*What the task requires:*
Reproduce, exactly and only, the lines of the data that follows from the one containing "Caldo Extendable dining" down to the one containing "molecular formula C11H13NO4", without pictures.

Stored data:
>>>
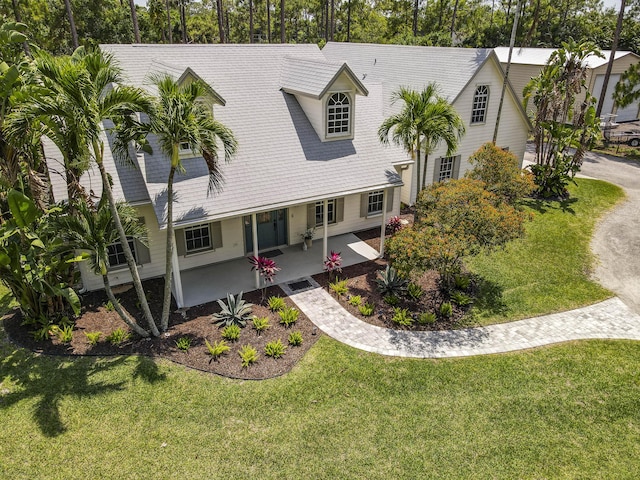 15048 85th Rd N, The Acreage, FL 33470 - view of front of home with covered porch and a front yard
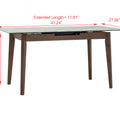 Caldo Extendable dining table with white marble-look top and cocoa-colored oak legs, showing extension feature.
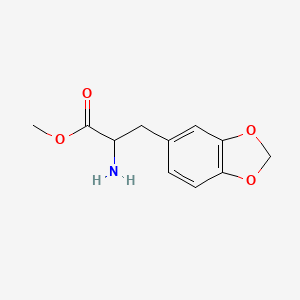 molecular formula C11H13NO4 B13574856 Methyl 2-amino-3-(1,3-dioxaindan-5-yl)propanoate 
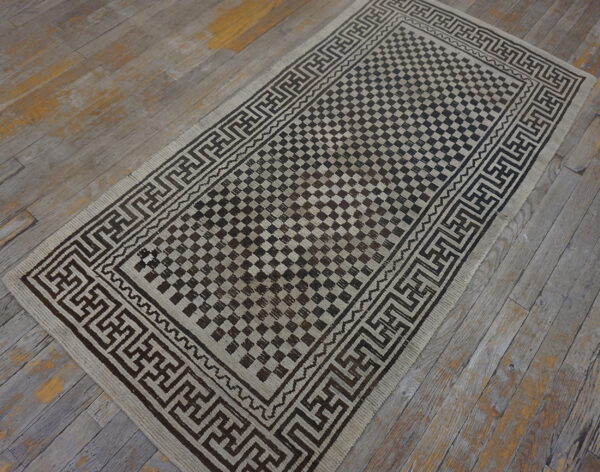 Low-pile runner with a checkered dark brown and tan design on distressed wooden planks.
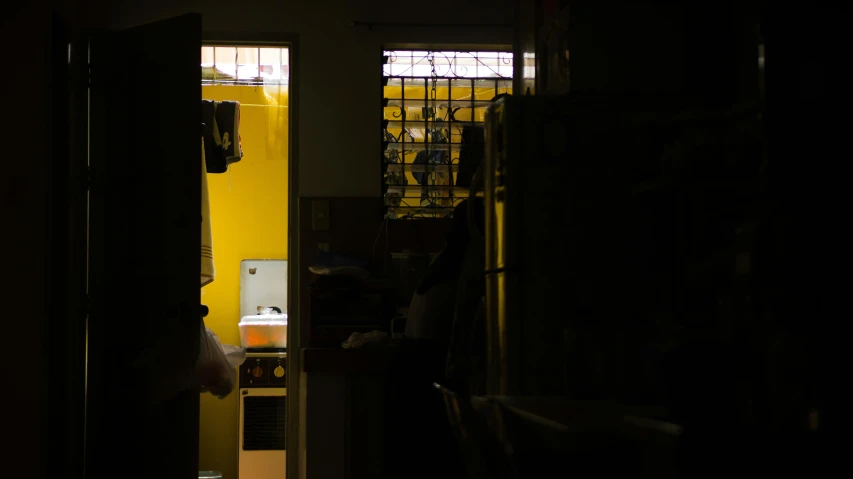 an open door leading into a dark room, by Elsa Bleda, pexels contest winner, arte povera, inside a cluttered kitchen, yellow hue, stood in a cell, a still of kowloon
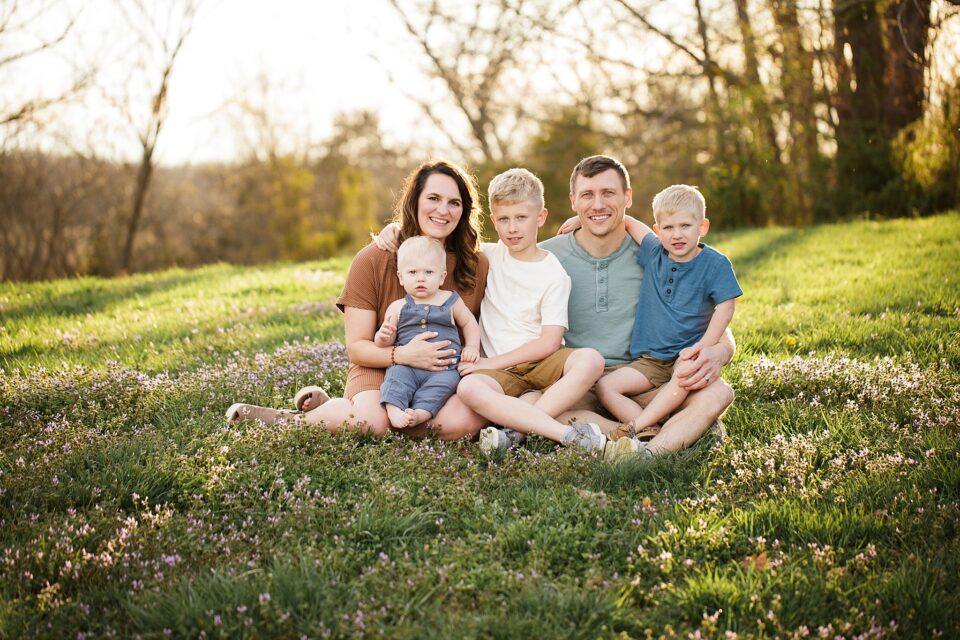 farmington Missouri Newborn photographer, CAPE GIRARDEAU newborn photographer, st Louis newborn photographer, family of boys, family in field, family smiling, photoshoot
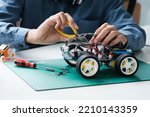 Small photo of Technology of robotics programing and STEM education concept. Science, Technology, Engineering and Mathematics education. Asian teenager doing robot project in science classroom.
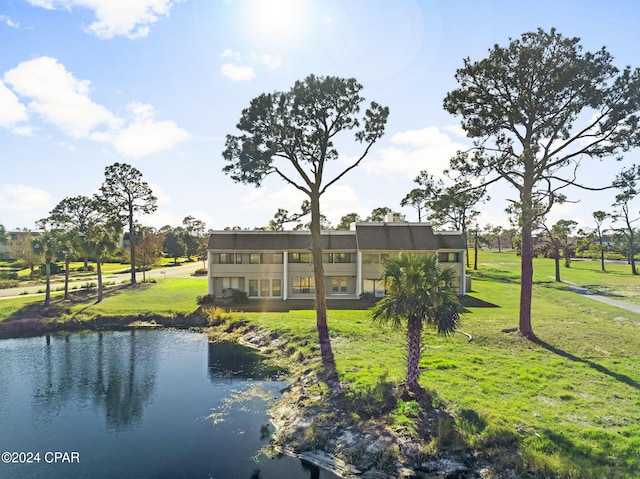 exterior space with a water view and a lawn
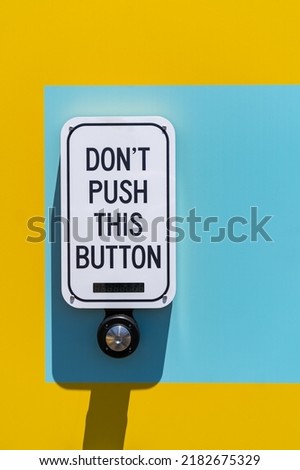 The instruction above the button: "Don't push this button".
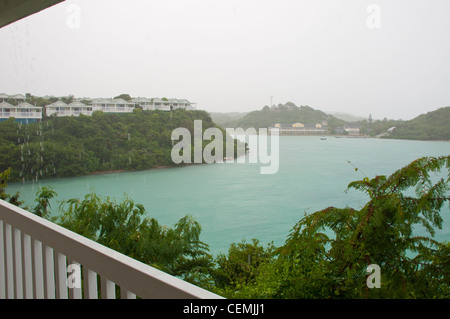 balcony view of Long Bay with resort villas and seascape in Antigua (tropical storm, rainy weather) Stock Photo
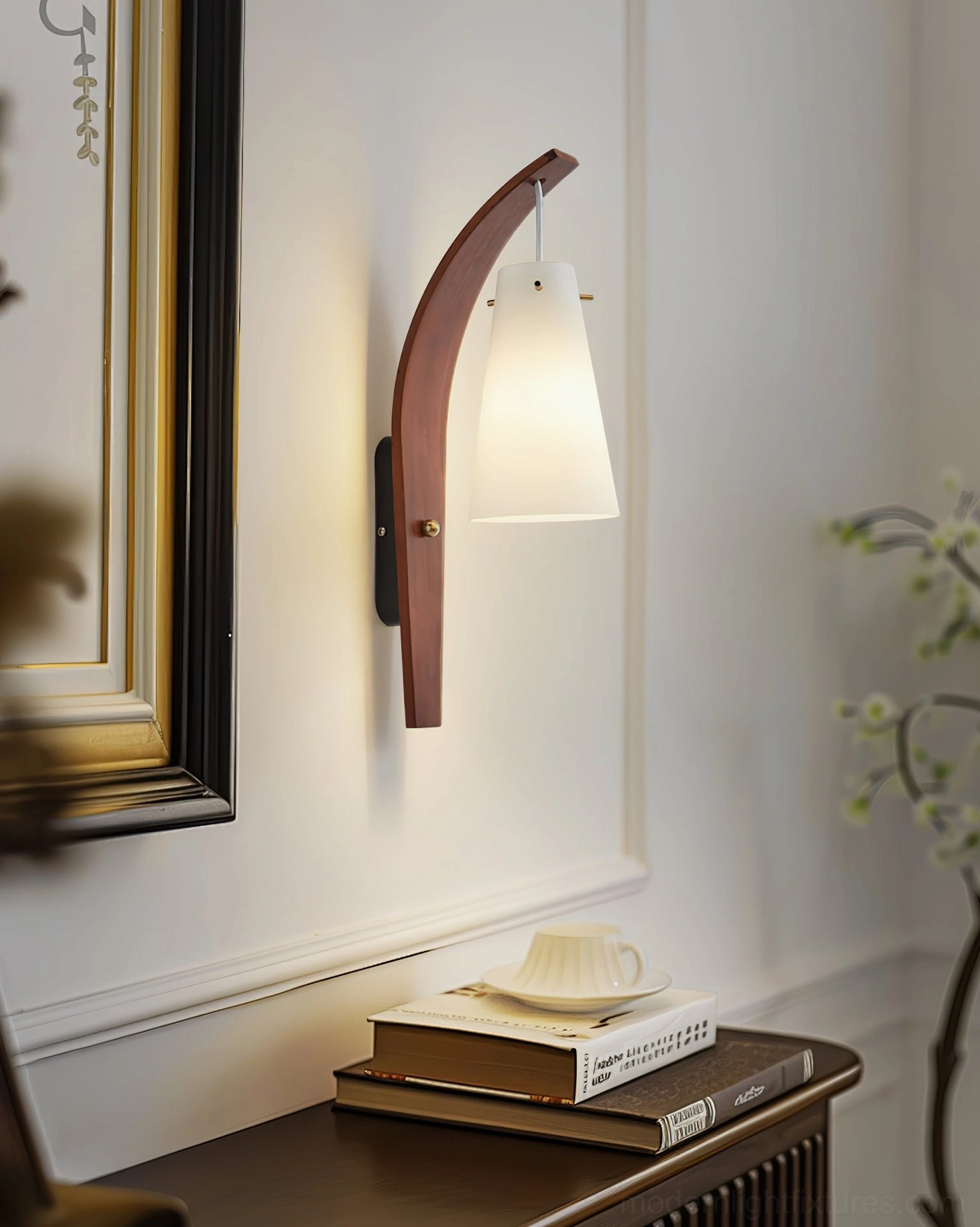 Karo wall sconce installed in vintage home entryway with framed art and wooden side table styling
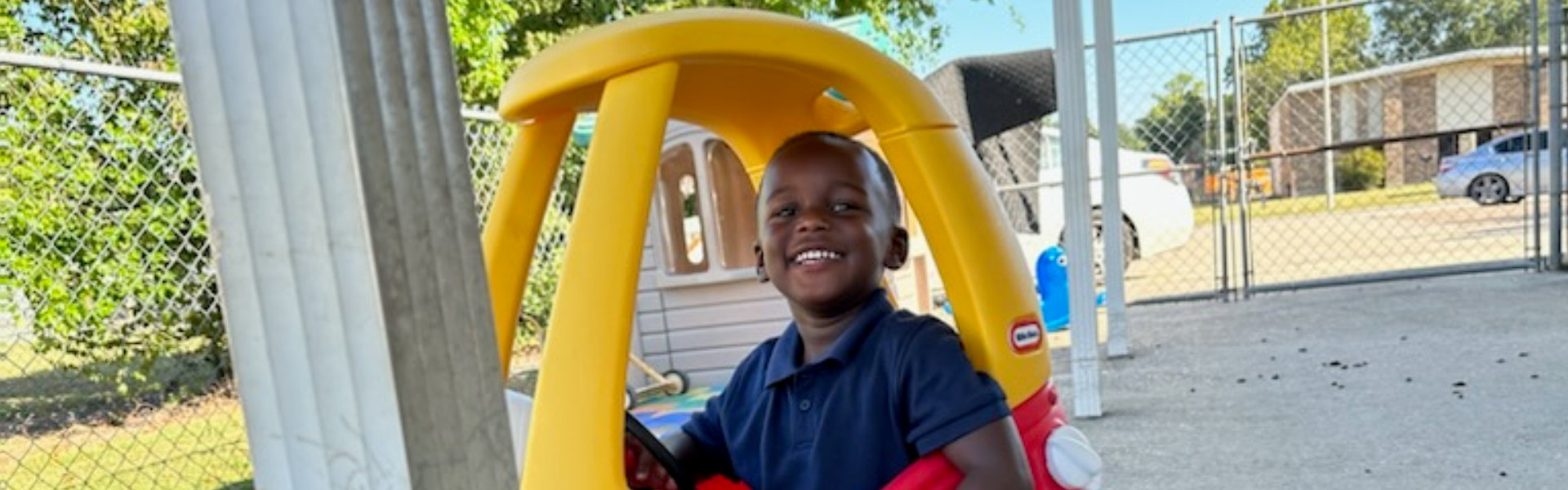 child in a toy car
<<<
*Task output:*
 Caldo Extendable dining table with white marble-look top and cocoa-colored oak legs, showing extension feature.
 molecular formula C11H13NO4 B13574856 Methyl 2-amino-3-(1,3-dioxaindan-5-yl)propanoate 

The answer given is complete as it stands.